If you want to get rid of it all really fast and use members with trivial destructors (no call needed), use a custom allocator for the list, which is optimized for that.
BTW: Allocating the container on the heap is a pessimisation.
Anyway, depending on your use-case another container like std::vector might make sense instead.
The problem is not so much deleting the list, as understanding how a list is represented as a chain of heap-allocated nodes.

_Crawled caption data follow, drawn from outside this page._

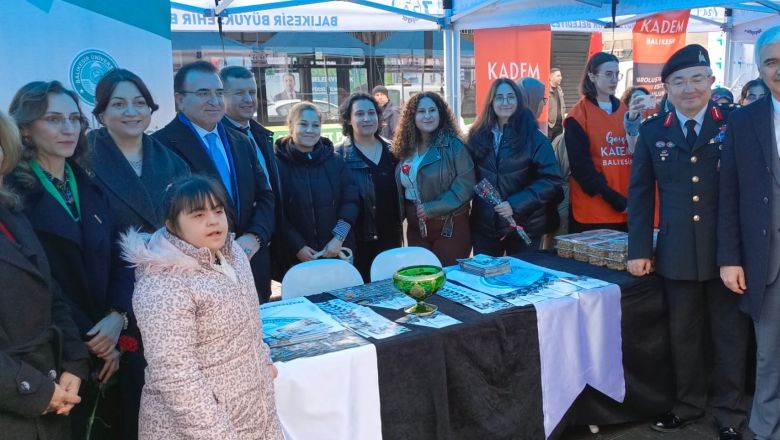 Balıkesir'de 8 Mart Farkındalık Stantları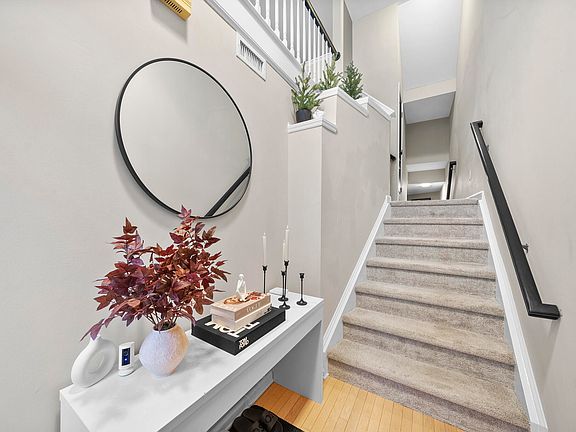 3rd image of 6708 Middleboro Dr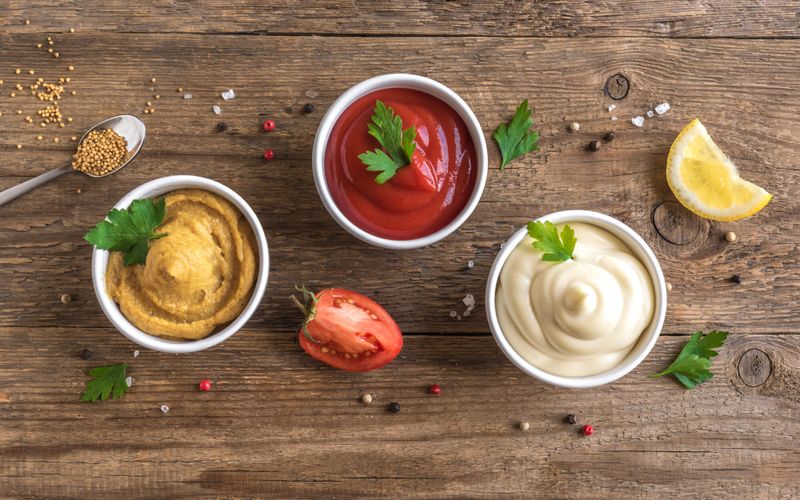Comment faire 4 sauces légères pour accompagner vos repas d'été sans nuire à votre santé?
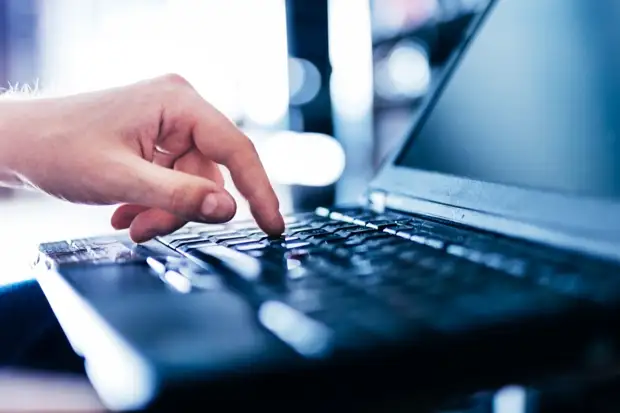 Эксперт: Россию покидают те IТ-специалисты, которых вывозят сами компании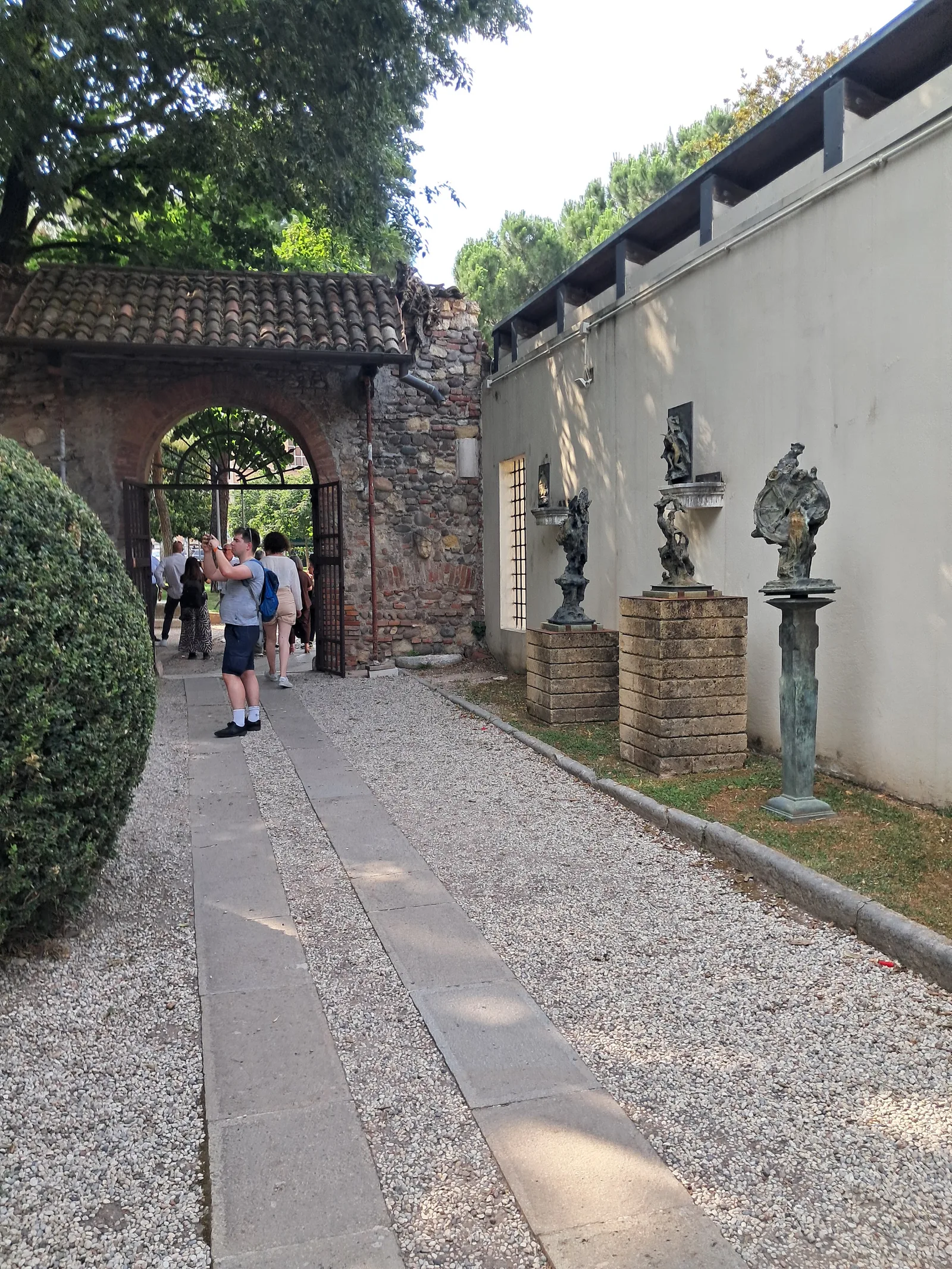 Interior at Museo degli Affreschi 'G.B. Cavalcaselle' alla tomba di Giulietta Verona — travel photo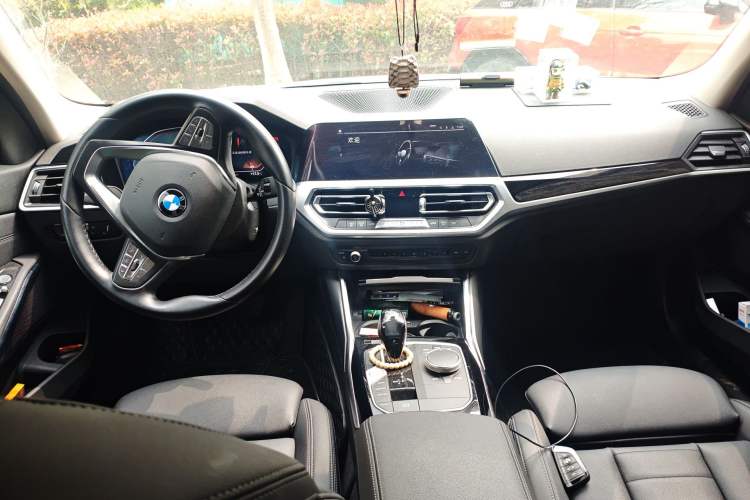 Used BMW 3 Series 2021 320i Sport Package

So basically when you deleted the list, it also has to delete the ~30M nodes as well, which will absolutely be a noticeably slow operation.
Generally speaking a list is not a great container for small builtin types anyway due to the node overhead possibly taking more space than the data themselves.
Can you give us more information about the real problem you're trying to solve?